The concept of the "just war" waged by unjust means — central to Polynices's narrative — resonates in modern strategic and ethical debate. Polynices has a legitimate grievance (Eteocles broke their agreement) but pursues it through morally compromised methods (bribery, foreign invasion, the coercion of a reluctant prophet). This structure mirrors contemporary discussions about proportionality in warfare, the legitimacy of regime change through external military force, and the moral status of alliances formed through coercion or inducement.
Primary Sources
Aeschylus's Seven Against Thebes (467 BCE) is the earliest surviving extended dramatization of the conflict between Polynices and Eteocles. The play focuses on Eteocles as its protagonist; Polynices is not named until the final scene and does not appear as a speaking character. The climactic assignment of champions to Thebes's seven gates (lines 375-676) assigns Polynices to the seventh gate with the motto of justice on his shield, and Eteocles responds by choosing to face his brother personally, accepting the curse that demands fratricide. The play was performed as the final part of a Theban trilogy (preceded by Laius and Oedipus), both of which are lost. The Alan H. Sommerstein Loeb edition (2008) provides Greek text with facing translation.
Sophocles's Antigone (c. 441 BCE) makes Polynices's unburied body the central dramatic catalyst without presenting the brother as a character.

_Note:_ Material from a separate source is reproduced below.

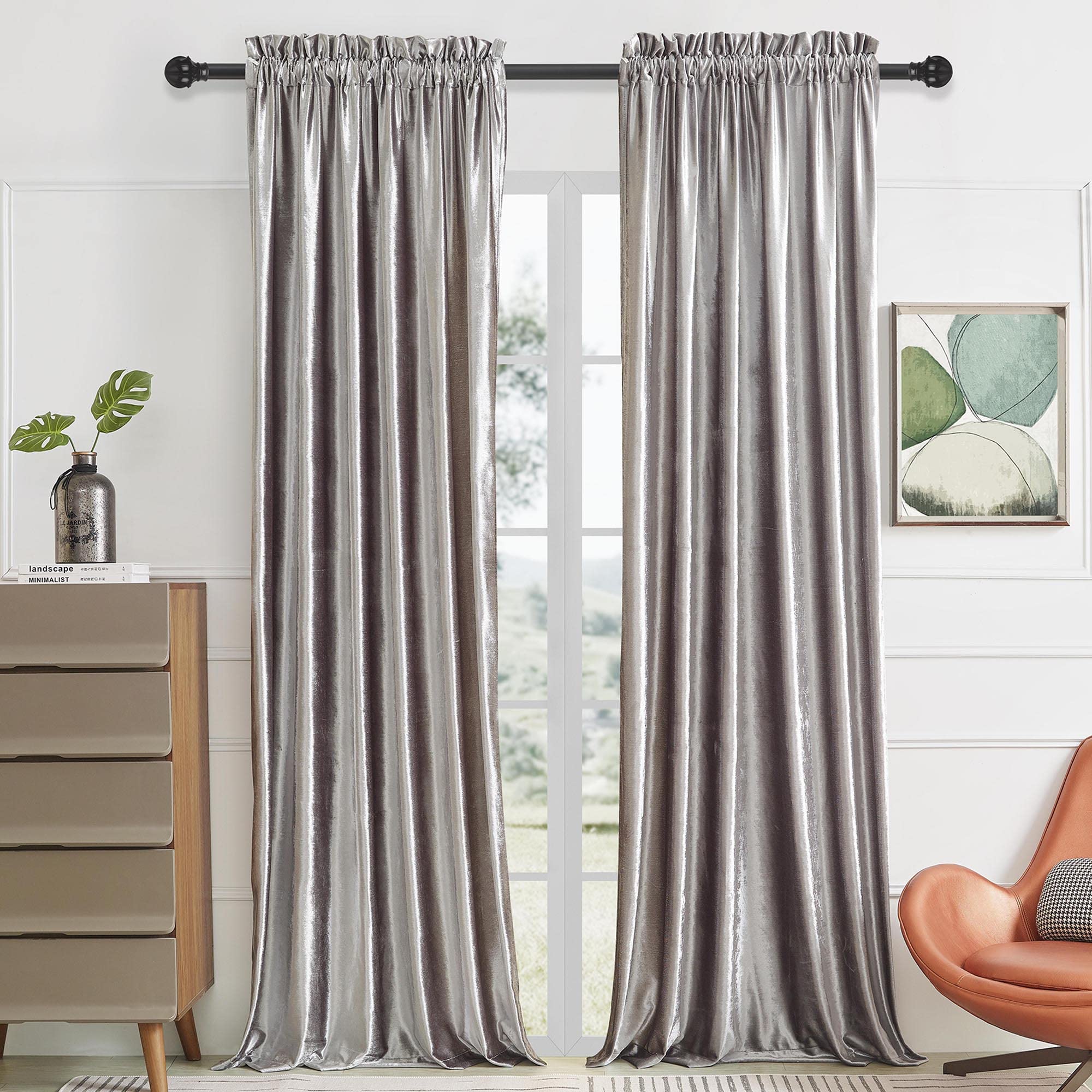 PRIMROSE Bright Silver Curtains 120 inch for Living Room Velvet Blackout Rod Pocket Window Drapes Treatment Semi Room Darkening Decor Curtains for Bedroom Set of 2 Panels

Creon's decree forbidding burial is stated in lines 21-30; Antigone's act of defiance and her argument from divine law (lines 450-470) constitute the moral and theological heart of the play. Sophocles's Oedipus at Colonus (401 BCE, posthumous) dramatizes Polynices's visit to his dying father to seek support for the war (lines 1254-1446). Oedipus curses both sons at lines 1370-1396, pronouncing that they will kill each other and that the curse will be fulfilled. The Hugh Lloyd-Jones Loeb edition (1994) provides Greek text with facing translations for both plays.

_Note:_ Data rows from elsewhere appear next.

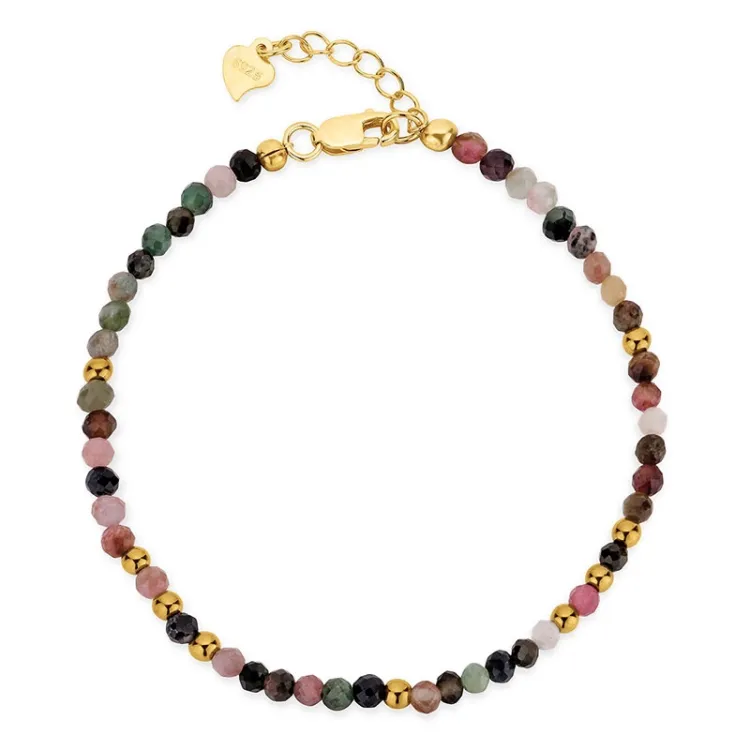multifargede armbånd med turmalin - Loom Stones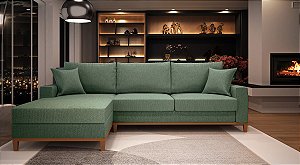 Sofá Amsterdã 3 Lugares 2,44m Living Com Chaise Esquerdo Verde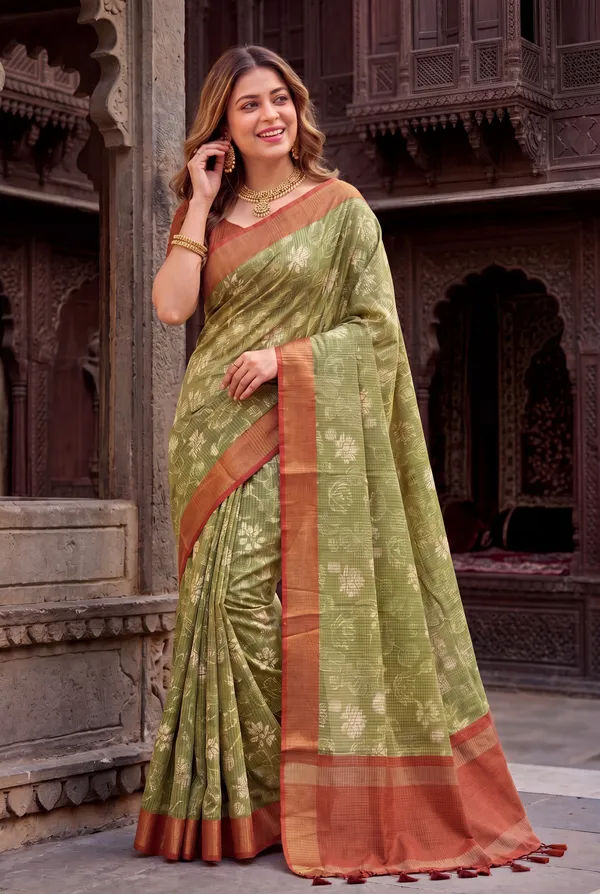 Soft_Tussar_Silk_sarees_with_Beautiful_Digital_Print_With_Attractive_Checks_Design_Saree_And_Digital_Print_Blouse_With_Tassels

Euripides's Phoenician Women (c. 410 BCE) provides the fullest dramatic characterization of Polynices as a speaking character. The agon (debate) between Polynices and Eteocles, mediated by Jocasta, occupies lines 469-586; Polynices argues his case with evident sincerity, citing the broken power-sharing agreement, while Eteocles defends tyranny as the noblest ambition. The battle and the messenger's account of the brothers' simultaneous deaths occupy lines 1356-1424. The David Kovacs Loeb edition (2002) provides Greek text with facing translation.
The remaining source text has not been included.